Some of the most outstanding gains cited by RAINS included low incidences of bush burning as well as high crop yields for farmers in all five beneficiary communities. Overall, about 450 people have benefited so far from the CHANGE project.
In view of this, Mohammed Kamel Damma, CHANGE Project Officer at RAINS, told Savannahnews, that the Municipal Assembly had seen the viability of the project and decided to integrate it into its Medium-Term Development Plan (MTDP).
Speaking at a community engagement meeting at Savelugu, Mr. Damma encouraged other communities in the municipality to desist from practices that increase climate change vulnerability effects, and do well to counter prevailing situations with some of the lessons that were taught in the CHANGE project communities over the past two years.
Alhaji Inusah Abukari, Planning Officer, Savelugu-Nanton Municipal Assembly, confirmed the enormous benefits CHANGE had brought to the people. In order to ensure its sustainability, he said the Assembly had decided to integrate CHANGE into its MTDP.
He explained that the CHANGE project objectives fitted perfectly into the objectives of Resilience in Northern Ghana (RING), a project similar to CHANGE and being implemented by the Assembly with funding support from USAID.
A five-year project which started in 2013, RING is intended to improve the livelihoods and nutritional status of the poorest households, with emphasis on pregnant and lactating mothers as well as children under five years of age in 16 other districts in the Northern Region.
Alhaji Abukari further noted that, through RING, the aforementioned communities would benefit from a village savings and loans scheme, distribution of small ruminants, linking of sheanuts farmers and processors to lucrative markets as well as skills training in livelihood improvement programmes.

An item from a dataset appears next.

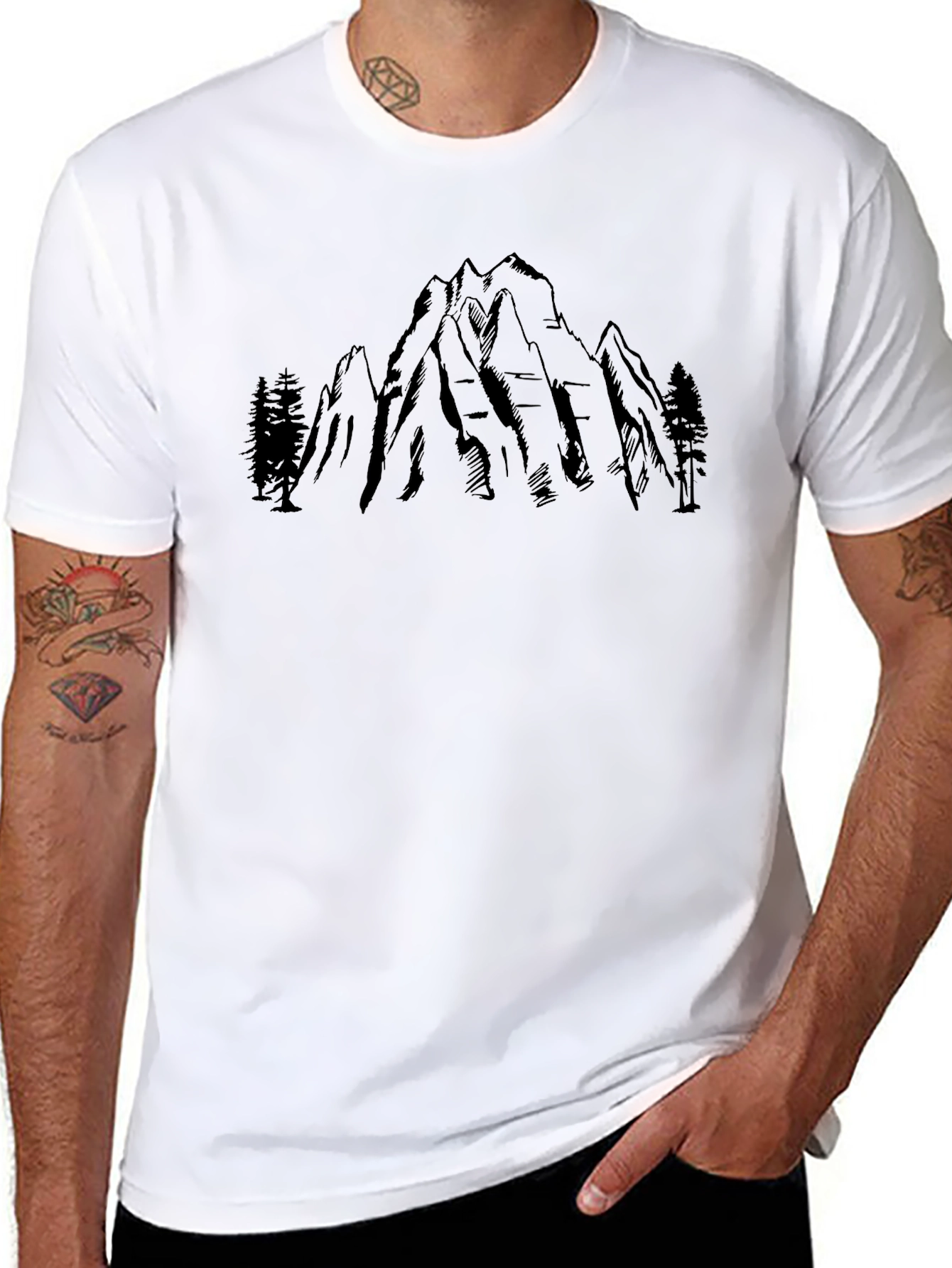 Mountains and Trees Graphic Tee - Black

While expressing satisfaction with the commitment being made by the Assembly towards ensuring the sustainability of the project, Mr. Damma also encouraged beneficiary communities to support the former to succeed since the outcome of the project would enhance their life aspirations positively.
Mohammed, a resident of one of the beneficiary communities also lauded the Assembly for seeing the need to integrate the CHANGE project into its MTDP and urged officials of the Assembly not to be discriminatory during implementation.
Like many of his fellow beneficiaries, he also commended RAINS for their support in recent times in the areas of food security initiatives and improvement in education delivery that had affected the lives of communities positively.
CHANGE is being funded by the Canadian Department of Foreign Affairs, Trade and Development (DFATD) and the Canadian Feed The Children (CFTC). Apart from the Savelugu-Nanton Municipality where it was implemented by RAINS, CHANGE also benefited thousands of people in the Upper East and Upper West Regions through the support of Trade Aid Integrated and Tumu Deanery Rural Integrated Development Programme.
About 84,000 women and men smallholder farmers in 17 communities in the district and municipalities of Savelugu-Nanton, Sissala East in the Upper West and Bolgatanga in the Upper East Regions were targeted to improve adaptive capacity and resilience to improve the impacts of climate change on agriculture, food security and livelihoods.
Meanwhile, RAINS is a non-governmental organisation set up by a group of social development activists in Northern Ghana in 1993. Since its foundation, RAINS has focused on improving the quality of life particularly for children, women, girls and the disabled in the Northern Region.